To date, over 90 countries, including Nigeria, have set net-zero emissions targets, committing to help prevent the most harmful impacts from climate change. But questions remain around the credibility of many of these pledges and whether these goals will be met.
Together, countries with net-zero targets – which include China, the United States and India – are responsible for nearly 80% of global greenhouse emissions. Thousands more regions, cities and companies have also set net-zero targets of their own. Never before has there been more ambition and palpable momentum for such deep emissions reductions.
But plans for meeting the targets are not always clearly defined, may lack political support and may require reliance on novel or not-yet-existent technologies. Moreover, most countries’ current emissions trajectories are not compatible with what is needed to limit global warming to no more than 1.5 degrees Celsius above pre-industrial levels as agreed upon in the international Paris Agreement on climate change.
In a new WRI report aimed at helping countries to implement transformative, equitable and inclusive solutions to reach net zero, we identify five countries that are among the nations already making tangible progress. Each example highlights key actions – making foundational decisions, establishing good governance, engaging stakeholders, enacting sectoral policy and deploying finance and investment – countries can undertake to turn pledges into practice and successfully reach net zero.

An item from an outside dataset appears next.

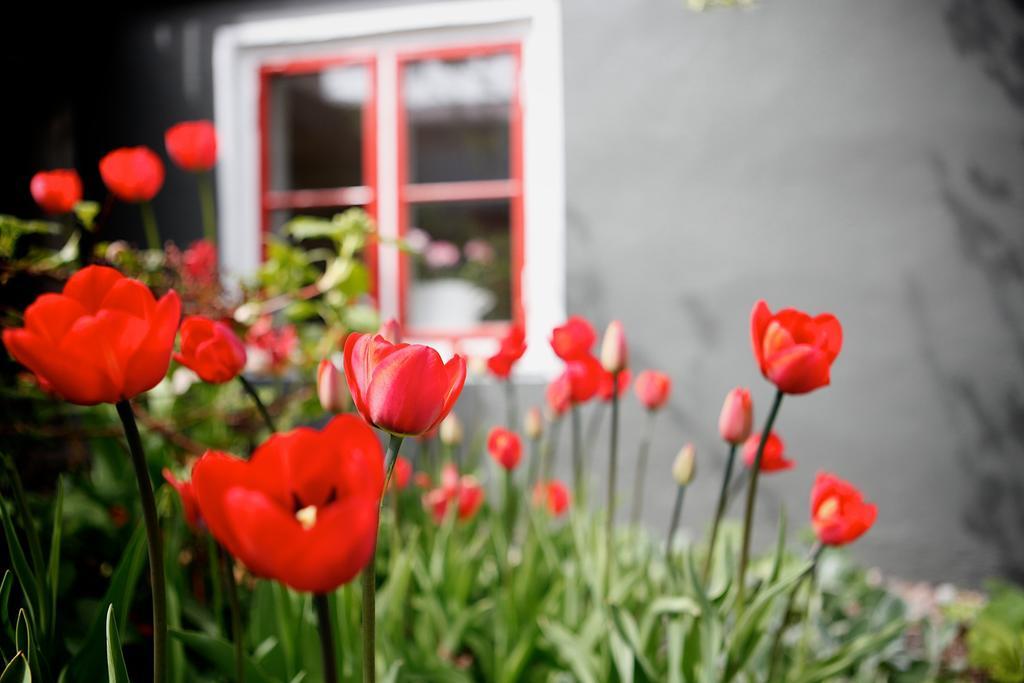 Vaxholms Bed & Breakfast 외부 사진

Costa Rica Implements a Foundational Net-Zero Plan that Withstands Political Changes
Costa Rica’s commitment to achieving net-zero emissions by midcentury has been supported by the development of a comprehensive National Decarbonisation Plan that ensures the long-term target guides near-term decision-making and action today. The plan, which was originally developed in 2019, details near-term sector-specific actions and cross-cutting strategies to drive emissions reductions. For instance, the implementation plan sets a goal to operationalize 1,000 electric buses by 2035 to reduce emissions from the country’s transport system.

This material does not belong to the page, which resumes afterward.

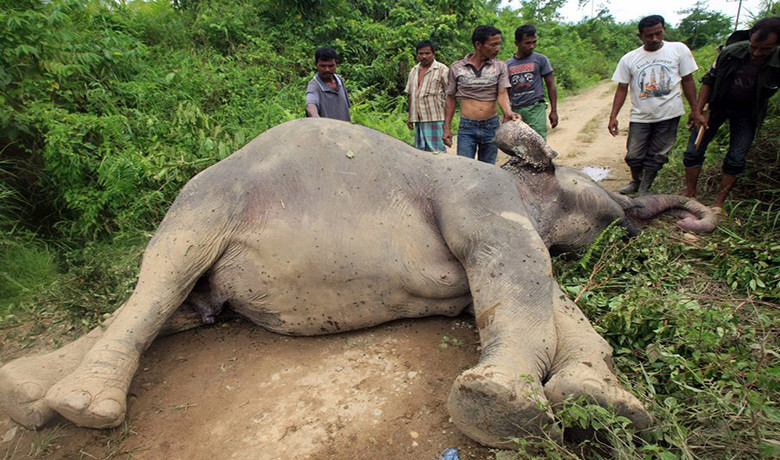 Κονγκό: Λαθροκυνηγοί σκότωσαν 30 ελέφαντες σε εθνικό πάρκο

One remarkable aspect of Costa Rica’s plan is its resilience against political changes. Despite a major shift in government in May 2022, the plan has remained a priority, in large part due to its success in attracting substantial investments from global financial institutions like the International Monetary Fund and Inter-American Development Bank. This financing is crucial for realising the near-term milestones outlined within the plan.
Ultimately, Costa Rica’s net-zero implementation plan has demonstrated its effectiveness by attracting investments, surviving political transitions, and maintaining a focus on near-term milestones across key sectors, paving the way toward net zero.

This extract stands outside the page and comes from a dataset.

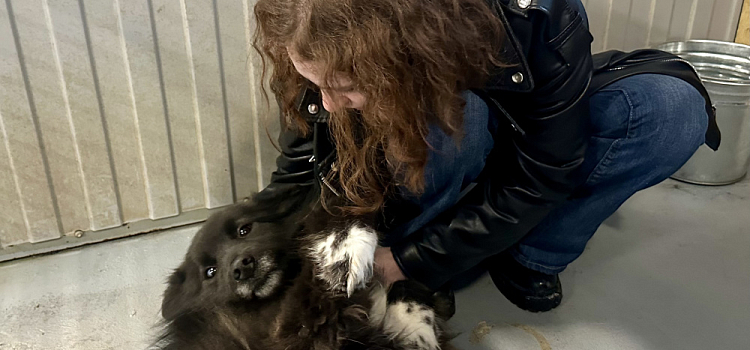 Дом там, где «Верность»: как ярославские волонтёры ищут семью для бездомных собак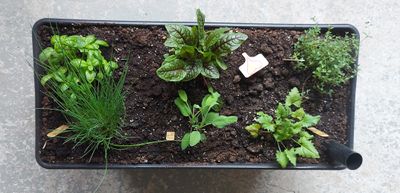 JARDIN Clé-en-main pour la JARDINIÈRE CAPILLAIRE (Qc)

Chile’s New Governance Structures Streamline Net-Zero Implementation
Chile has taken significant steps to facilitate implementation of its net-zero emissions target through establishing comprehensive and coordinated governance structures. The target was legally enshrined in the country’s Climate Change Framework Law of 2022 and under the leadership of key government leaders, net-zero-aligned climate action has become a top priority.
The Climate Change Framework Law establishes new governance structures at the national and local levels. It decentralises responsibility, assigning climate-related tasks to multiple government ministries, regional authorities and municipal governments, so that one ministry is not burdened with sole implementation.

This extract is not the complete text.